Write every entry out again exactly, please, and skip the pictures.

Supplied entries section start

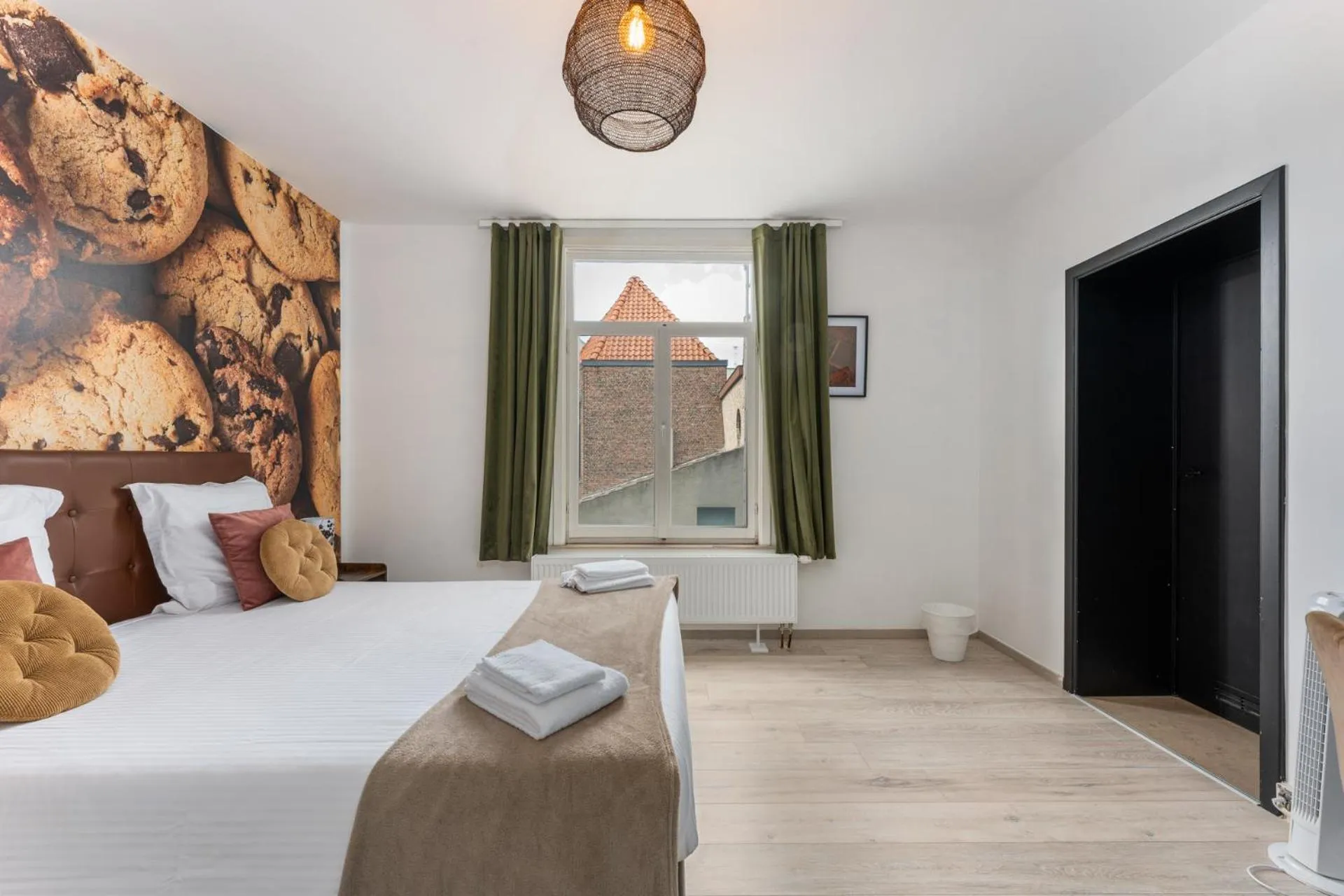 Bed in The Chocolate Suites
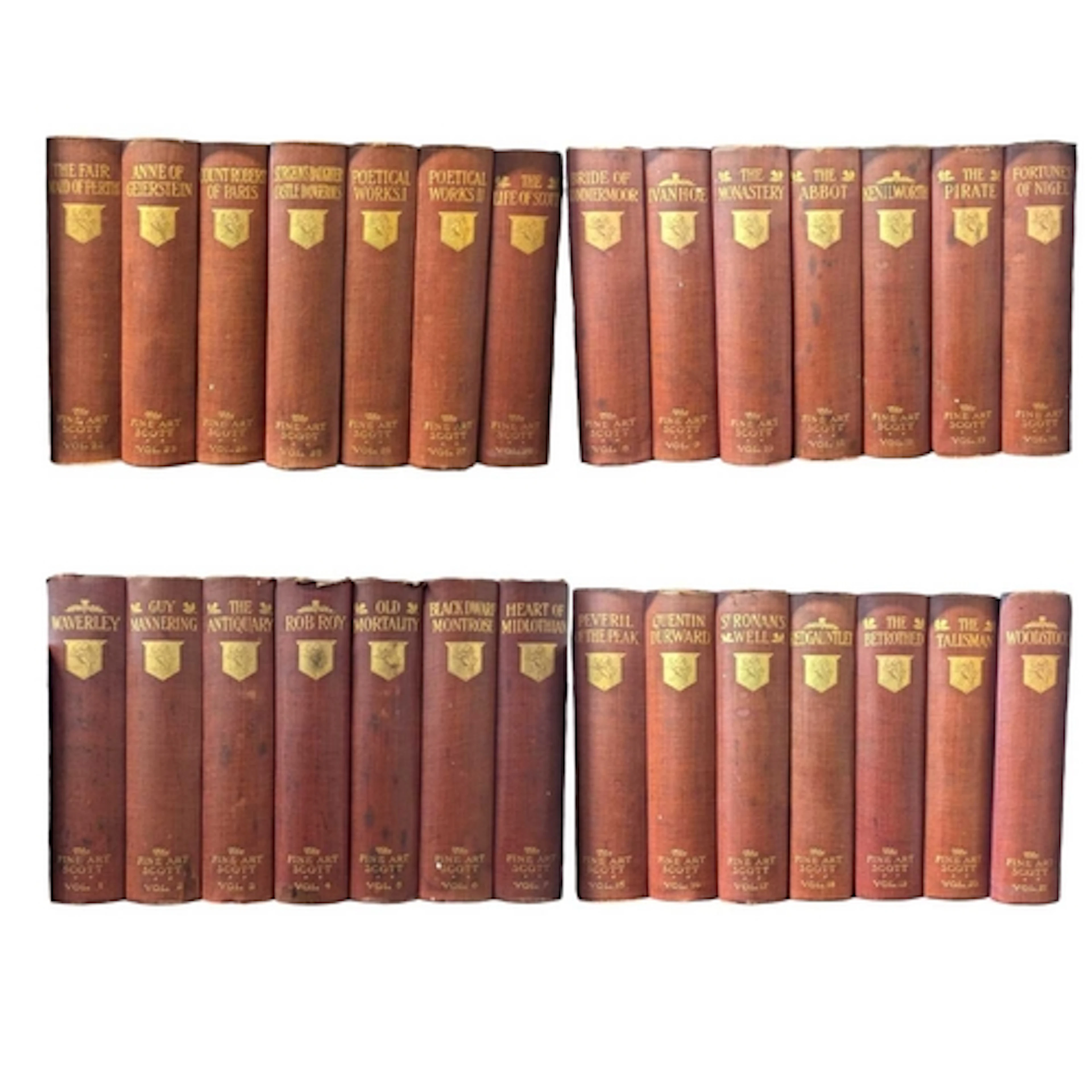 Scott, Sir Walter. [c1910] The Fine Art Scott library set. C...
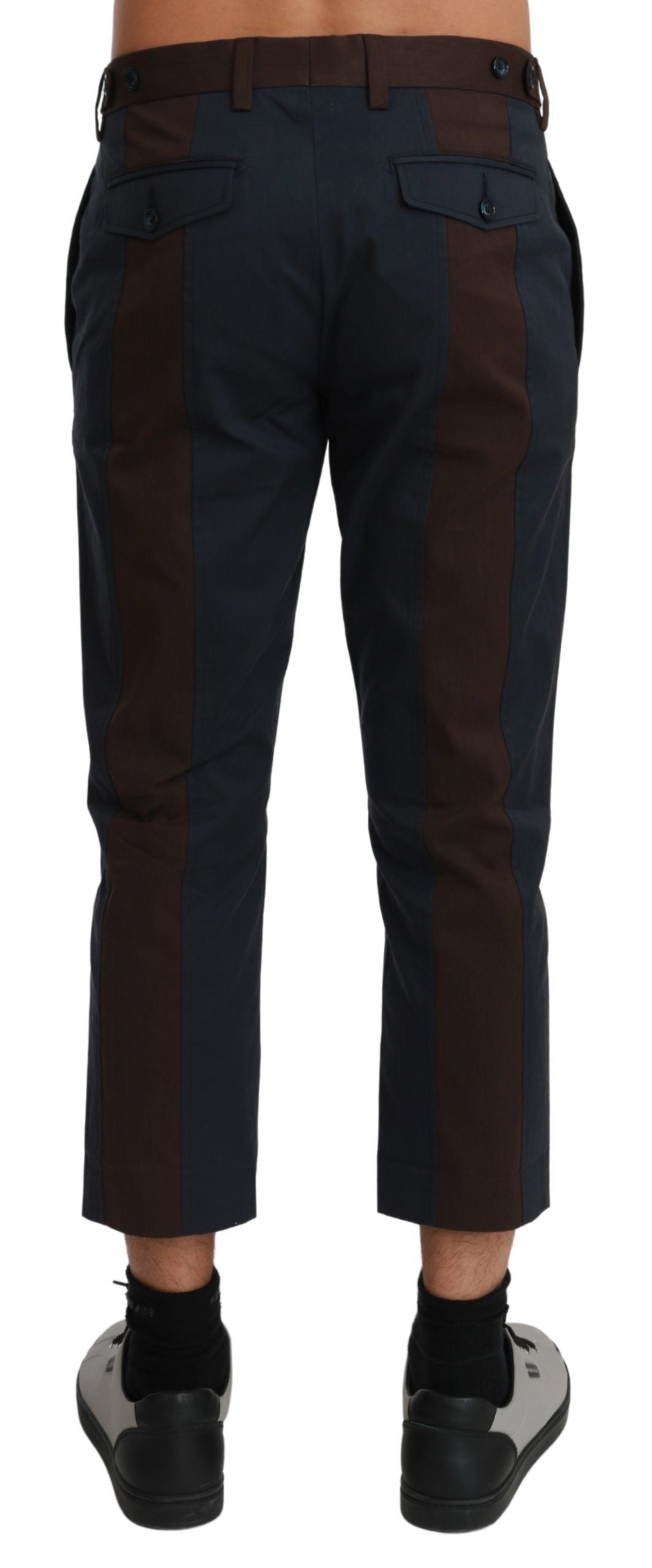 Pantalones Capri Rayas Marrones Dolce & Gabbana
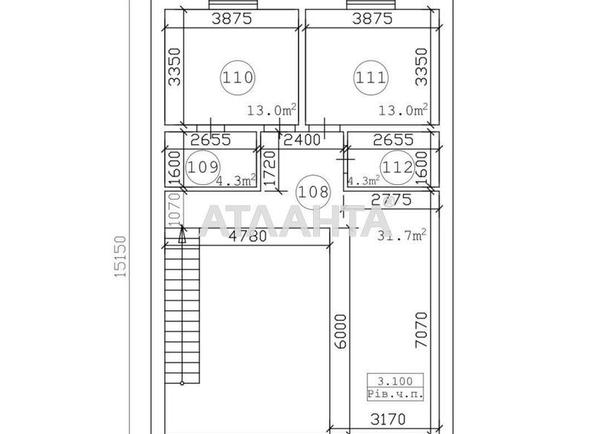 Дом по адресу ул. Дружбы народов (площадь 174 м²) - Atlanta.ua - imageAlt 27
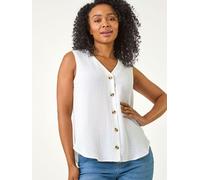 roman Roman Buttoned Sleeveless Blouse pâle FR 40 (EU 38)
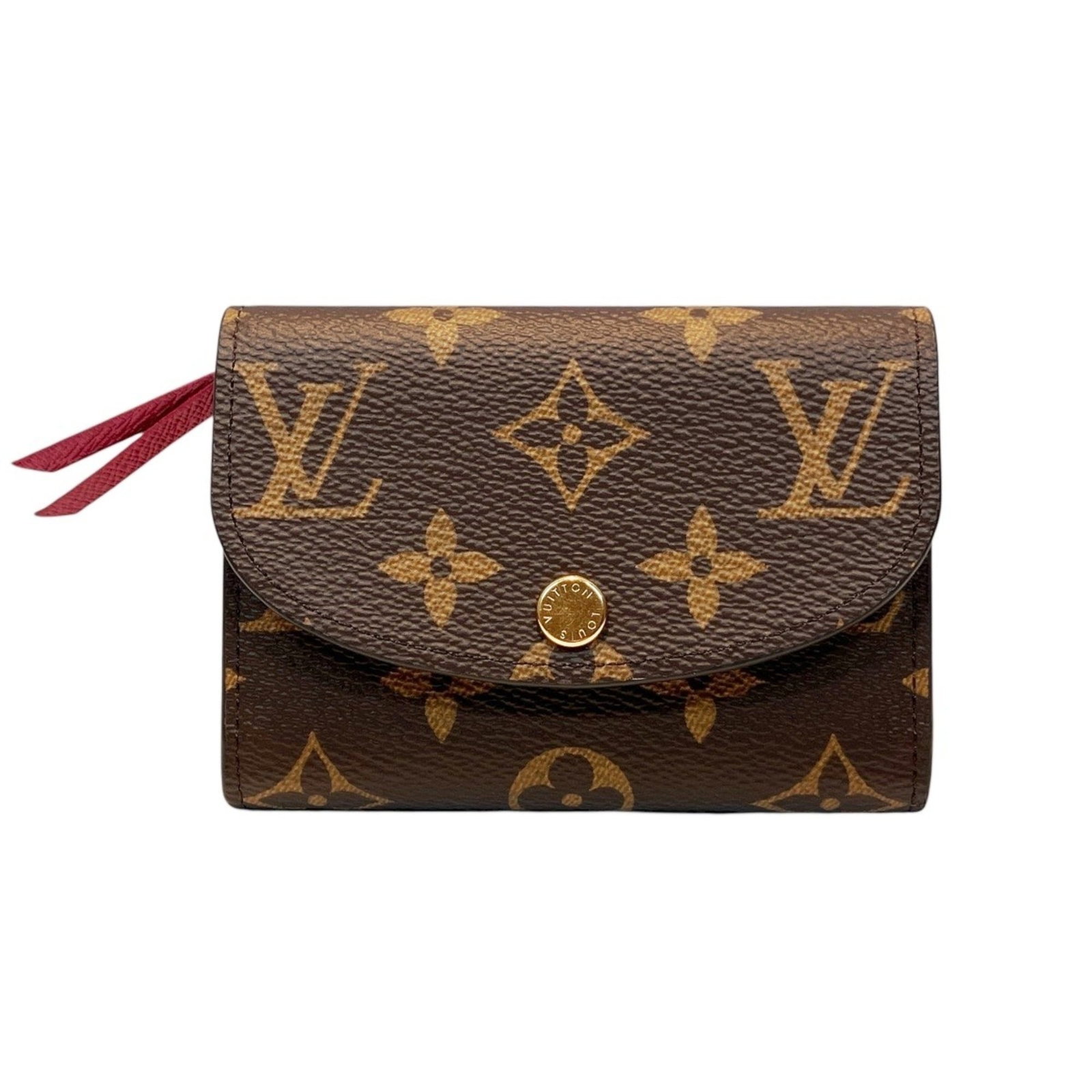 Louis Vuitton Coin Purse/ Coin Case Coated Canvas: Louis Vuitton Coin Purse/ Coin Case Coated Canvas Used Louis Vuitton Coin Purse/ Coin Case in Rose Ballerine, featuring coated canvas material. The purse has some scratches and dirt but remains in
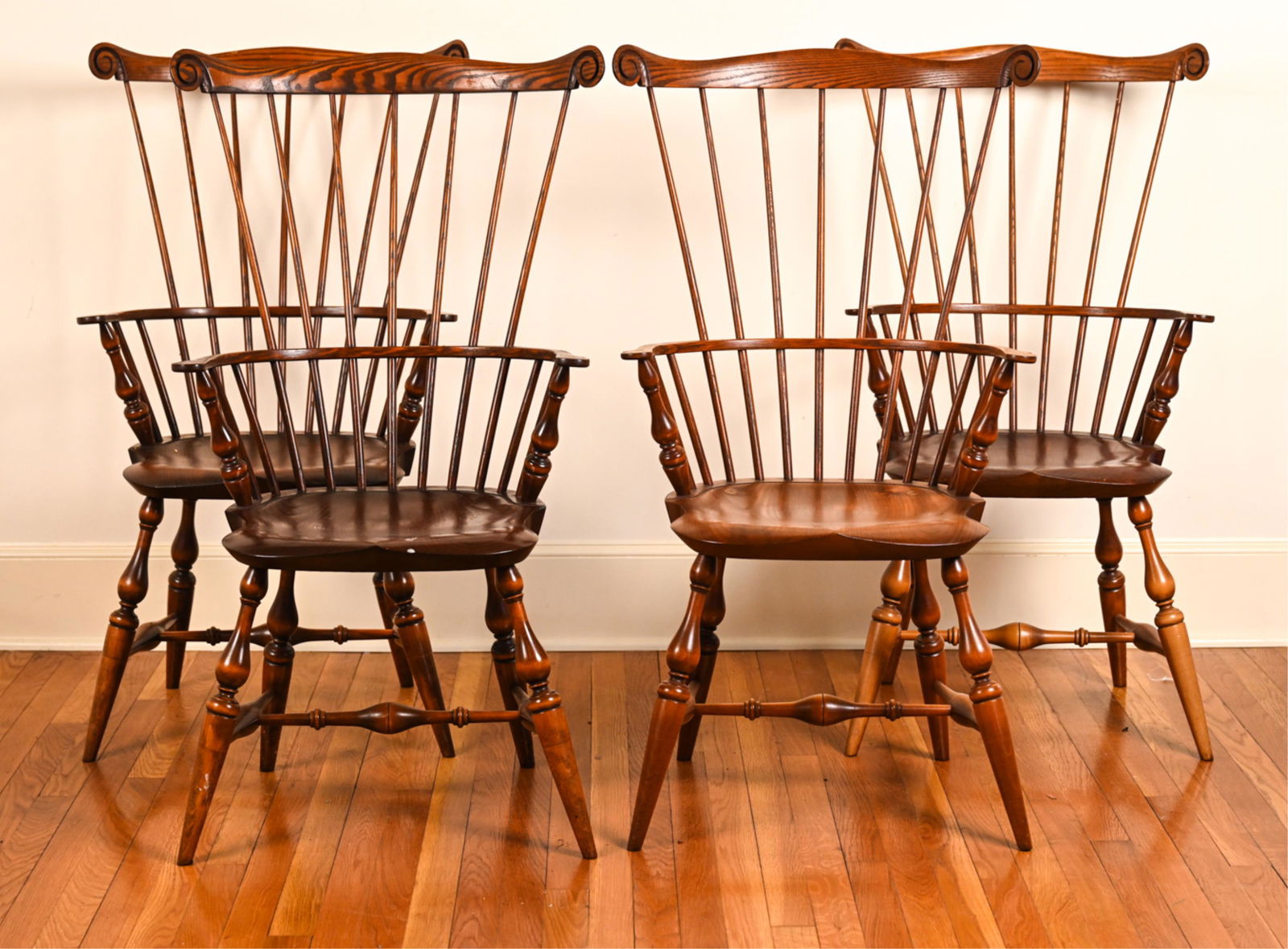 (4) WARREN CHAIR CO. WINDSOR CHAIRS (1 of 7)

Supplied entries section end

## Answer to this task
 Bed in The Chocolate Suites
 Scott, Sir Walter. [c1910] The Fine Art Scott library set. C...
 Pantalones Capri Rayas Marrones Dolce & Gabbana
 Дом по адресу ул. Дружбы народов (площадь 174 м²) - Atlanta.ua - imageAlt 27
 roman Roman Buttoned Sleeveless Blouse pâle FR 40 (EU 38)
 Louis Vuitton Coin Purse/ Coin Case Coated Canvas: Louis Vuitton Coin Purse/ Coin Case Coated Canvas Used Louis Vuitton Coin Purse/ Coin Case in Rose Ballerine, featuring coated canvas material. The purse has some scratches and dirt but remains in
 (4) WARREN CHAIR CO. WINDSOR CHAIRS (1 of 7)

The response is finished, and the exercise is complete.